In the following fragment from a longer speech, Abraham Lincoln reflects on the conflict between slavery and the nature of republican government and expresses his faith in improvement and progress and his vision of the American dream: that all people are entitled to the fruits of their own labor.
The ant, who has toiled and dragged a crumb to his nest, will furiously defend the fruit of his labor, against whatever robber assails him. So plain, that the most dumb and stupid slave that ever toiled for a master, does constantly know that he is wronged. So plain that no one, high or low, ever does mistake it, except in a plainly selfish way; for although volume upon volume is written to prove slavery a very good thing, we never hear of the man who wishes to take the good of it, by being a slave himself.

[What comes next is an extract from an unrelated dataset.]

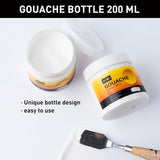 Gouache Refill Paints,White Color(200 Ml Bottles), Non Toxic Paint For Canvas And Paper, Art Supplies For Professionals, Students(White)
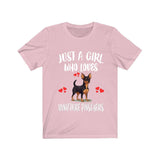 Just A Girl Who Loves Miniature Pinschers Dogs Shirt, Dog Lover Shirt, Miniature Pinscher Dog, Animal Toddler Infant Kids Gift T-Shirt Image 4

Most governments have been based practically, on the denial of the equal rights of men, as I have, in part, stated them; ours began, by affirming those rights. They said, some men are too ignorant, and vicious, to share in government. Possibly so, said we; and by your system, you would always keep them ignorant and vicious. We propose to give all a chance, and we expect the weak to grow stronger, the ignorant, wiser; and all better, and happier together.
We made the experiment; and the fruit is before us. Look at it. Think of it. Look at it, in all its aggregate grandeur, of extent of country, and numbers of population, of ship, and steamboat, and rail[road.]